*** Block opens ***

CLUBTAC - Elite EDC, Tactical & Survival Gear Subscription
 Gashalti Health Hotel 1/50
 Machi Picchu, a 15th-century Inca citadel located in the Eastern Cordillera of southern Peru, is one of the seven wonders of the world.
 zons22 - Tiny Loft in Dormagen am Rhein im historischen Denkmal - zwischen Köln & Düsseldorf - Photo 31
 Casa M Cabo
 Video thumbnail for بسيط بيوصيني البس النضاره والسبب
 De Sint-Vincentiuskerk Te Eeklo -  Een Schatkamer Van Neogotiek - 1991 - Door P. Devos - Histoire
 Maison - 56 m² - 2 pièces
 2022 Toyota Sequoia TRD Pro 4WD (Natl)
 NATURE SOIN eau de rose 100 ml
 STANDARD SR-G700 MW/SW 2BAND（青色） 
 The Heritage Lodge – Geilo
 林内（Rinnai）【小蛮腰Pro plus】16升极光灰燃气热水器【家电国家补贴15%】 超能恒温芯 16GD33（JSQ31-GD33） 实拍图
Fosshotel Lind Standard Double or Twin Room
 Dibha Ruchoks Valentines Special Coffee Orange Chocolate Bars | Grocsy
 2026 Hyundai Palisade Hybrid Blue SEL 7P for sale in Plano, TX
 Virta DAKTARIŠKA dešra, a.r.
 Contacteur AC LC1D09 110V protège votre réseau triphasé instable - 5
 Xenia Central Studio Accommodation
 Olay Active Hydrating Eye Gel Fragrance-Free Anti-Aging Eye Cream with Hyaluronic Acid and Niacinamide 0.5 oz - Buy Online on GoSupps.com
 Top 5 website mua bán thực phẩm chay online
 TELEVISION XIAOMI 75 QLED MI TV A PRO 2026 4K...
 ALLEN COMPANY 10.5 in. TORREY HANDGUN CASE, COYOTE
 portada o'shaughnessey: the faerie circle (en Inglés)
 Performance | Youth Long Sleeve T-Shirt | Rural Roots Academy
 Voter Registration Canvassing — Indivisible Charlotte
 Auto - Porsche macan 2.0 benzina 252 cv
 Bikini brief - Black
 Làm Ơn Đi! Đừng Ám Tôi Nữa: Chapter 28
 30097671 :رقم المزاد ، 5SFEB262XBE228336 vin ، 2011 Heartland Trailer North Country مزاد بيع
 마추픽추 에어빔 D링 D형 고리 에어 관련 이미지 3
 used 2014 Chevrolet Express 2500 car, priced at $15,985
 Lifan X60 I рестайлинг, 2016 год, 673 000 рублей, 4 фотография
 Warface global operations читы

*** Block closes ***

Requirement:
With the line containing "Video thumbnail for" as the last one, please set down exactly the lines of the records above from their very first line, and nothing more.

Written answer:
CLUBTAC - Elite EDC, Tactical & Survival Gear Subscription
 Gashalti Health Hotel 1/50
 Machi Picchu, a 15th-century Inca citadel located in the Eastern Cordillera of southern Peru, is one of the seven wonders of the world.
 zons22 - Tiny Loft in Dormagen am Rhein im historischen Denkmal - zwischen Köln & Düsseldorf - Photo 31
 Casa M Cabo
 Video thumbnail for بسيط بيوصيني البس النضاره والسبب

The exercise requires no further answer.